Layer 2 Load Balancing and ARP
In cloud environments (like AWS or GCP), exposing a service to the outside world is as simple as setting its type to LoadBalancer. The cloud provider's integration controller intercepts this request, provisions a physical or virtual load balancer, assigns it a public IP, and routes traffic into your cluster.
In a bare-metal environment, this integration does not exist. If you create a LoadBalancer service, it will simply hang in the Pending state forever.
To bridge this gap, tools like MetalLB or kube-vip implement network load balancing directly within the cluster using standard networking protocols. The most common implementation for single-subnet homelabs is Layer 2 Load Balancing using ARP (Address Resolution Protocol).
How ARP Normally Works
When a computer (or router) wants to send an IP packet to a specific IP address on the local network (e.g., 192.168.1.200), it cannot just send the packet into the void. At the physical networking layer (Layer 2 of the OSI model), network switches only understand MAC Addresses, not IP addresses.
To find the MAC address associated with an IP address, the router uses ARP:
- The router sends a broadcast message to the entire local network: "Who has
192.168.1.200? Tell192.168.1.1(the router)." - The device that actually owns
192.168.1.200replies with a unicast message: "I have192.168.1.200, and my MAC address isAA:BB:CC:DD:EE:FF." - The router caches this mapping in its ARP table.
- The router forwards the physical Ethernet frames to
AA:BB:CC:DD:EE:FF.
How Layer 2 Load Balancing Hacks ARP
A bare-metal load balancer (like MetalLB) leverages ARP to "trick" the router into sending traffic to the Kubernetes cluster.
1. The IP Pool
You provide MetalLB with a block of IP addresses that are on the same subnet as your router, but are excluded from the router's DHCP pool (so the router never assigns them to a laptop or phone). For example: 192.168.1.200 - 192.168.1.250.
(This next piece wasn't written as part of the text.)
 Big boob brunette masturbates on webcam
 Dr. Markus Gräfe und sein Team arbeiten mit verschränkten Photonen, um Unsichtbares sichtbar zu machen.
2. The Election (IP Ownership)
When you deploy a LoadBalancer service in Kubernetes:
- MetalLB assigns the service an IP from the pool (e.g.,
192.168.1.200). - The MetalLB "speaker" pods running on each physical node communicate with each other using a leader election protocol.
- They elect exactly one physical node to be the "owner" of
192.168.1.200.
3. The Gratuitous ARP Broadcast
The elected node (let's say it's Worker-01 with MAC 11:22:33:44:55:66) immediately sends out a Gratuitous ARP broadcast to the network.
A Gratuitous ARP is an unprompted announcement. The node essentially yells to the router and all switches:
"Update your caches! The IP address 192.168.1.200 is now located at my MAC address: 11:22:33:44:55:66!"
4. Traffic Flow
Now, when external traffic hits the router destined for the service at 192.168.1.200:
- The router looks at its ARP table and sees MAC
11:22:33:44:55:66. - It forwards the packets to
Worker-01. Worker-01receives the packets.kube-proxy(running onWorker-01) intercepts the packets usingiptablesorIPVSrules, and routes them to the correct backend Pods across the cluster.
Note: Even though
Worker-01is the single entry point for this specific IP, the actual application pods can be running onWorker-02orControl-Plane-01.kube-proxyhandles the internal cross-node routing automatically.
High Availability and Failover
The beauty of this design is its resilience. What happens if the physical machine Worker-01 loses power or crashes?
- The MetalLB speaker pods on the surviving nodes detect that the leader (
Worker-01) has stopped sending heartbeats. - They immediately hold a new election.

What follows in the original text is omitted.